◆ **Problem to work on**
Write out the data exactly, please, and omit the pictures.

◆ **Data**
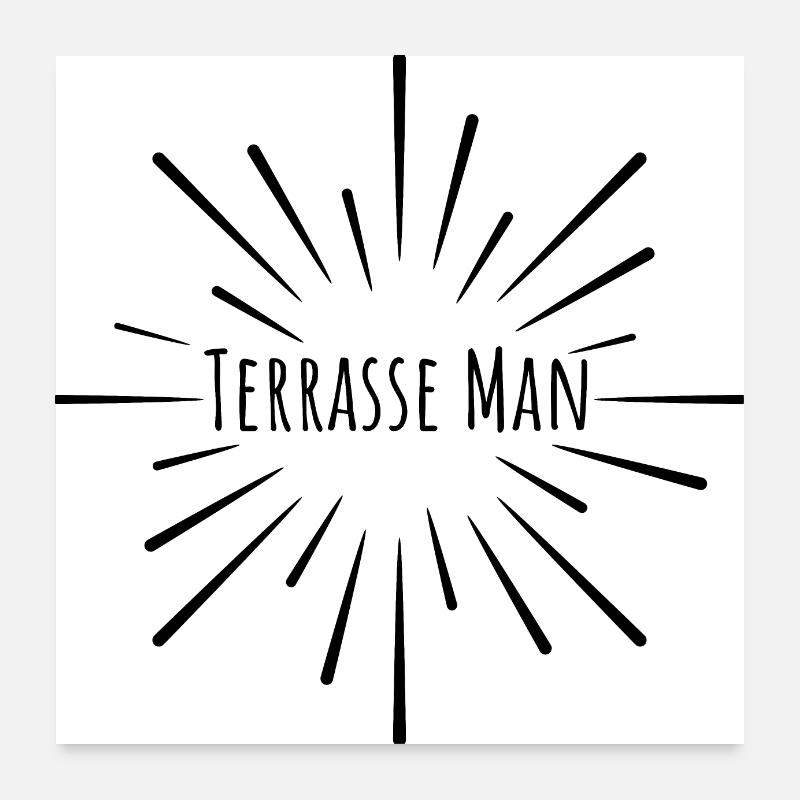 Terrasse man, humour Poster 60 x 60 cm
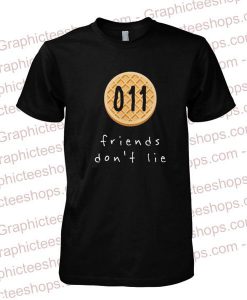 Friends don't lie T-Shirt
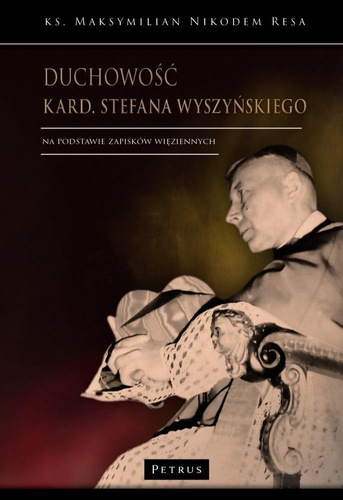 Duchowość kard. Stefana Wyszyńskiego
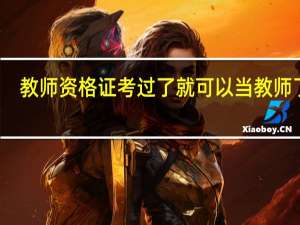 教师资格证考过了就可以当教师了吗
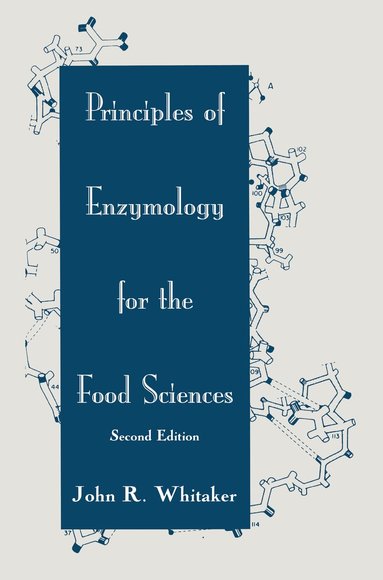 John R. Whitaker - Principles of Enzymology for the Food Sciences, Inbunden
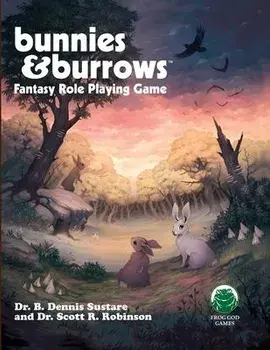 Bunnies & Burrows Fantasy Role Playing Game, Paperback/B. Dennis Sustare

◆ **Expected answer**
 Terrasse man, humour Poster 60 x 60 cm
 Friends don't lie T-Shirt
 Duchowość kard. Stefana Wyszyńskiego
 教师资格证考过了就可以当教师了吗
 John R. Whitaker - Principles of Enzymology for the Food Sciences, Inbunden
 Bunnies & Burrows Fantasy Role Playing Game, Paperback/B. Dennis Sustare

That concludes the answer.